# Elmers Single Cylinder Compound Engine



## stefang (Nov 2, 2008)

Hello, I'm back again, building a new little steam engine 

This time it will be Elmers Single Cylinder Compound Engine:

Here is a picture of the current status:







The base is aluminum, the bearings are brass, the crank, crankshaft and the bearing supports are steel. The screws are made from toolsteel.

Stefan


----------



## jimmybondi (Nov 2, 2008)

Hi Stefan,

nice to met you anywhere in world (wide & web  )

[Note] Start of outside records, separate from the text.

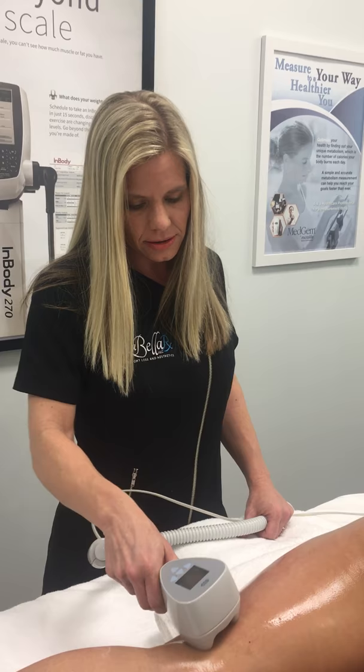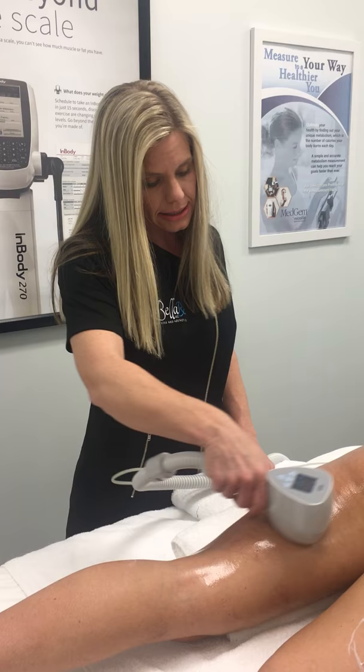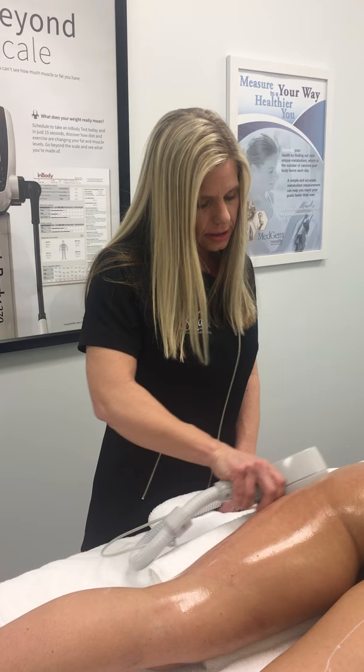Hi, I'm Dr. Amy Armstrong at LaBellaRx, and today we are treating cellulite on the back of the thighs using our XLIS Ultra Machine. This device uses radio frequency and ultrasound to produce skin tightening. So what we are doing is getting bikini ready — getting rid of the dimples and the little lumps and bumps in the legs.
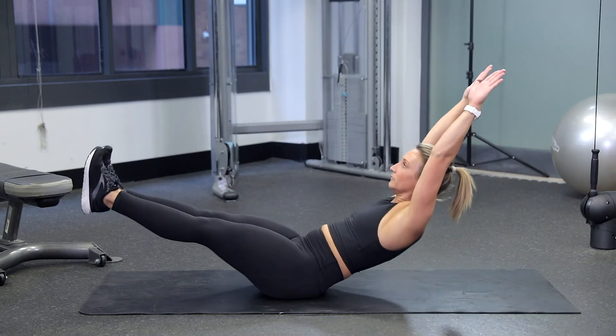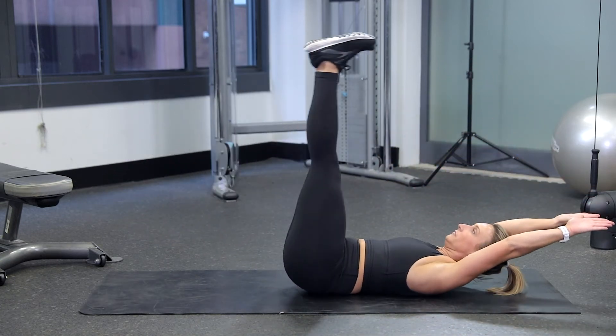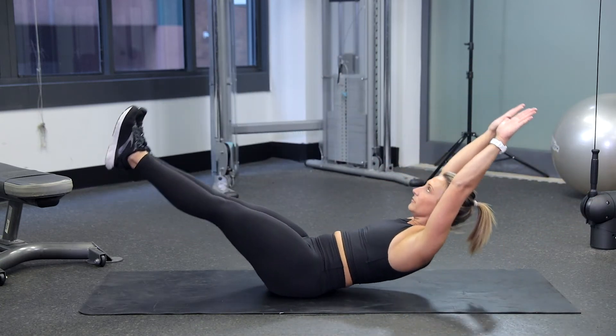Roll up to a seated position, keeping your legs up off the floor. Roll back down one vertebrae at a time, and repeat this exercise.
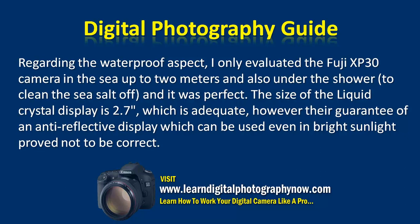The size of the liquid crystal display is 2.7 inches, which is adequate. However, the guarantee of an anti-reflective display that can be used even in bright sunlight proved not to be correct.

also nice to see you're doing on steam ... (don't knew until yesterday ..)
a lot of success on it

Frank


----------



## stefang (Nov 8, 2008)

Hi,

Always a pleasure to meet you, Frank ;D
*Plopp* (the sound of a bottle beer opened)

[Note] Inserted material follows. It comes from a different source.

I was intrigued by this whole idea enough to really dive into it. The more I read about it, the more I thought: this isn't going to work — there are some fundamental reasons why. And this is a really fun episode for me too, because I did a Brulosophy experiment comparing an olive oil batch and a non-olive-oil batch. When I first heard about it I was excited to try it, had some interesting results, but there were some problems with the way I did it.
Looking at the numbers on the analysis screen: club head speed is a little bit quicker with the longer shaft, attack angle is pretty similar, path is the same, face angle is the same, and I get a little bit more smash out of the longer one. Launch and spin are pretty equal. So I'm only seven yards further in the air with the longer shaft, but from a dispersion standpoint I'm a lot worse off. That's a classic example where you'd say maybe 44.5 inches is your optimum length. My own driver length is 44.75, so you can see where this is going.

I did some progress with my engine:

Boring the cylinder:





Milling the valve out of a scrap piece of cast iron:




(As i have no digital readout on my mill, i have to write the coordinates down, in this case on the vise...)

Work done in the last days:





Stefan


----------



## Brian Rupnow (Nov 8, 2008)

Very nice work Stefan. Those bearing stands look kind of familiar ;D ;D---Brian


----------



## Brass_Machine (Nov 8, 2008)

Looking good!

Keep the pictures coming!

Eric


----------



## Cedge (Nov 8, 2008)

I'm a wee bit confused as to how a single cylinder engine can be a compound. Help me out here...(grin)

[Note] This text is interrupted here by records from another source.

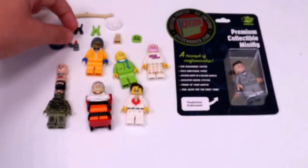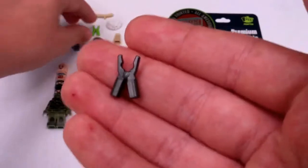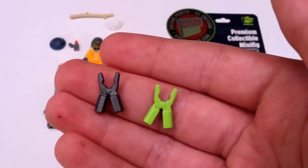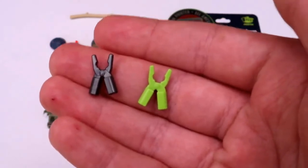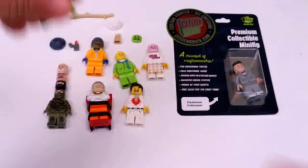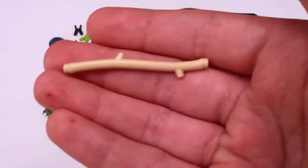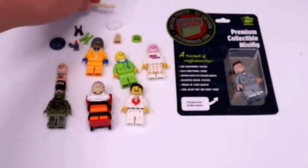Moving on to this pair of pliers — I got one set in gunmetal, which I really, really like, and then I got the other pair of pliers in lime green, which is sort of an odd color choice. By the way, most of these are random custom molded items. And then I also got this tan stick, which I have no clue what to do with.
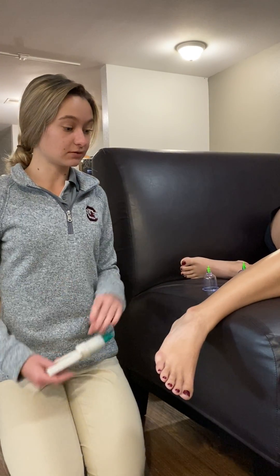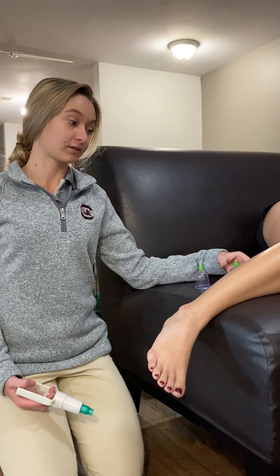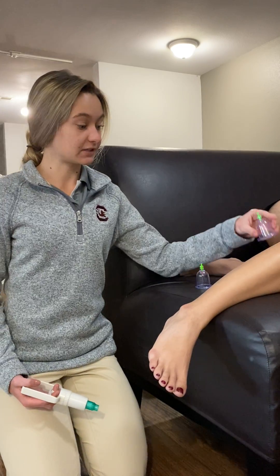We're going to do the lower leg on the peroneals, and this is especially good for runners, dancers, and people who have lateral ankle sprains to help them recover.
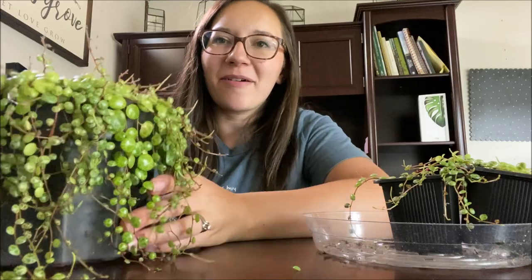Hi, my gardening angels, and welcome back to my channel. I am Jess and today we are going to be talking about String of Turtles.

It's looking real good from here...

Steve


----------



## rake60 (Nov 8, 2008)

The plans explain why it is considered a compound Steve.

http://john-tom.com/ElmersEngines/45_single.pdf

Rick


----------



## Cedge (Nov 8, 2008)

Typically a compound engine would feed from one cylinder to another. Fascinating idea, feeding the steam from one end of a single cylinder to the other. I hadda ask....LOL Elmer was quite the genius. Thanks Rick

Steve


----------



## Philjoe5 (Nov 8, 2008)

Nice work Stefan. Looks like you're making some good progress. Thanks for posting your work. I like the concept of this engine and will be looking forward to your final result.

Cheers,
Phil


----------



## stefang (Nov 13, 2008)

Thank you, guys 

Posting pictures in this forum and getting answers is very motivating 



			
				Brian Rupnow  said:
			
		

> Very nice work Stefan. Those bearing stands look kind of familiar ;D ;D---Brian



Hehe, Yes, a bit ;D

And again, some progress:

The eccentric rod (Hot rolled steel):

Boring to size:





Milled the contour





After that, I hacksawed everything away, that wasnt part of the eccentric rod, loctited it to an arbor and chucked it on the round table:





Then i heated it to loosen the loctite:










The other side has still to be finished 

Stefan


----------



## Stan (Nov 13, 2008)

I am not much on steam but I understand the principle of compound engines. My question is, will a compound steam engine run on air?


----------



## stefang (Nov 14, 2008)

Hi Stan,

I see no reason, why it should not run on compressed air ???

Stefan


----------



## Stan (Nov 16, 2008)

stefang: The reason for my question is that the second cylinder in a compound engine uses the heat in the steam discharged from the high pressure cylinder. I don't think that compressed air will react the same. The high pressure end will certainly run on air but I am wondering if you get any power out of the low pressure end. Can you comment on that?


----------



## stefang (Nov 27, 2008)

Hello Stan,

hmmm, i dont think, that the high/low pressure thing works with compressed air, but the engine will run:

[ame]http://de.youtube.com/watch?v=Ul3cy8BeCSI[/ame]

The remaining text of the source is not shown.